32:30 – Readapt to stay current

SaaS companies must continually readapt their technology so that they can stay current and release quality products quickly.

“There are teams that absolutely need Evernote, but there are still millions upon millions of individuals like yourself who are using it and just haven’t seen innovation come out of it. And it’s gone beyond this note-taking original function, and people were really using it for knowledge management and then they were finding workarounds to really get into personal productivity. And the tool wasn’t necessarily helping them deliberately with things that would help them with productivity. They were developing their own workflows. They were developing their own systems, and that all came back to our technical debt. It just hadn’t kept pace. Every SaaS company needs to continually figure out how they’re going to readapt their technology and make sure that it’s staying current so that they can release things quickly and of quality. And that was the path that Ian said, ‘Absolutely teams are important. Absolutely our individual users are important. But first we need to take a pause and we need to re-platform this so that we can build things that you want and do it quickly and do it with quality.’”

35:07 – Communicate with your customers

The two most important things you can do with disgruntled customers are: listen to them, and tell them what’s going on.

“We’re always listening to our customers. Because as a product marketer and as a CEO, that’s the best thing that you can do is really put them front and center. I remember the very first one, Ian basically just got on screen and for maybe a minute talked about why he was gonna do this, what it was going to be, et cetera. And we had a disgruntled set of customers at the time. They, like you said, there hadn’t been a lot of innovation. They weren’t seeing, for individuals, they hadn’t been seeing a lot of changes that they wanted. And what have you. And I remember one of the first comments was something like, ‘Oh, he looks like a mid-level manager at Costco,’ or something like that. It’s rude. But in fact, we consistently put out these videos, we let people know, we showed them mockups that were still on printed pages. They weren’t even demos. They hadn’t been built into the app.

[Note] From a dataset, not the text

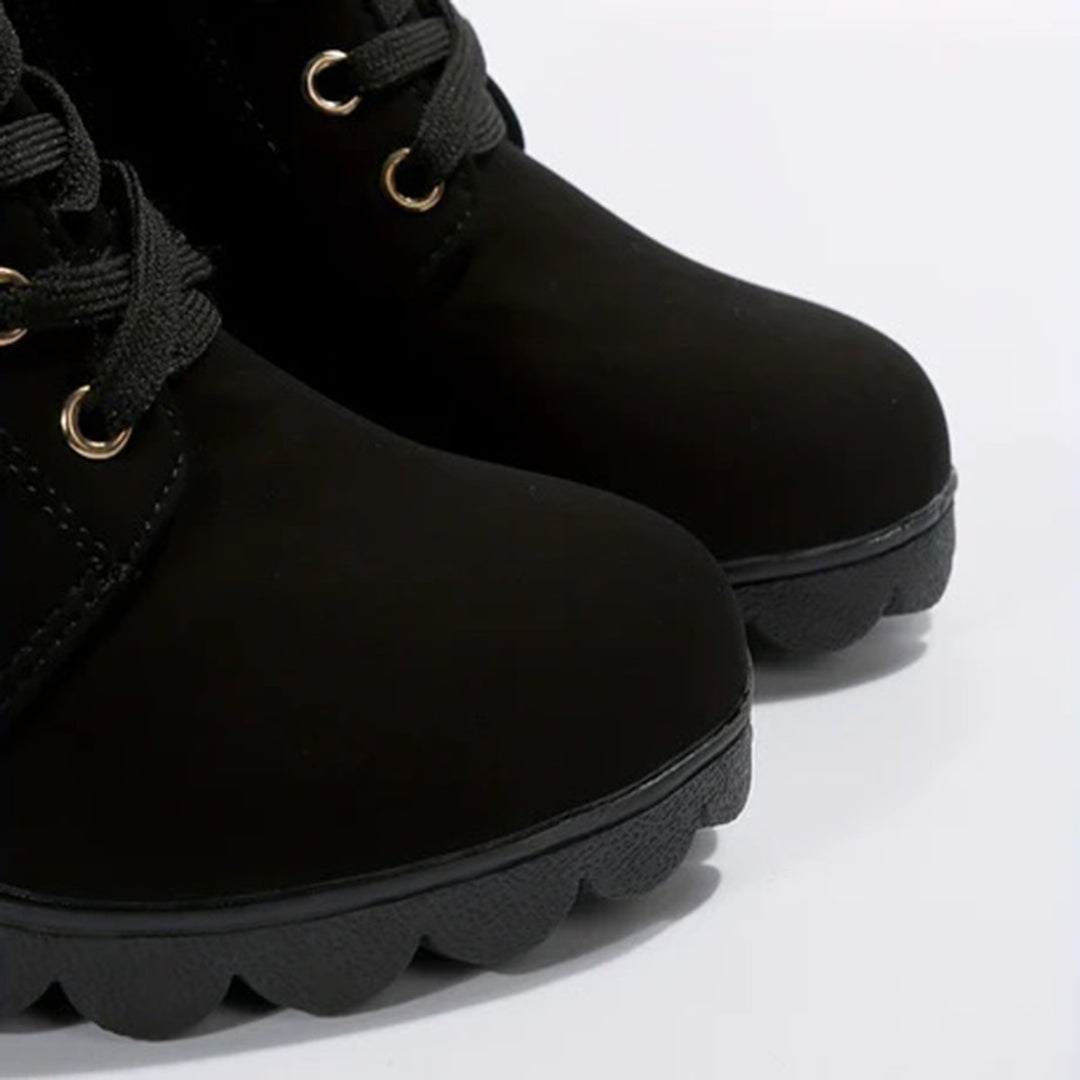 Women's Lace-Up Block-Heel Platform Ankle Boots Buckle Detail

We took them along from both infrastructure and what we were doing underneath the hood and also showing them some of the UI and how we were rebuilding things, and very, very quickly all of that sentiment changed.”

39:16 – Think about your audience

If you want to move customers from a free version of your products to a paid version, you must consider the types of audiences you’re appealing to.

“We had one single paid product, Evernote Premium. And I was thinking, if you use it at work, there’s an urgency. You have deadlines, you have a boss, you have quarterly reviews, you have meetings after meetings after meetings. And as a parent, I have a family at home, I am much more likely to just get by. Like, ‘Oh yeah, that’s right. Do I really need an app to track my kids’ doctor’s appointments or the school meetings? Yeah, maybe. Maybe not. I’m doing okay as it is.’ And so we really felt that there was a differentiation we could create between an individual user using Evernote for a home scenario and an individual user who really wants to use Evernote at work. And probably our roadmap would support differentiated features. And so when you undertake something like pricing and repackaging, the first thing you need to know is how are customers gonna react? What are the things that they really need? And so we started with so much audience work.”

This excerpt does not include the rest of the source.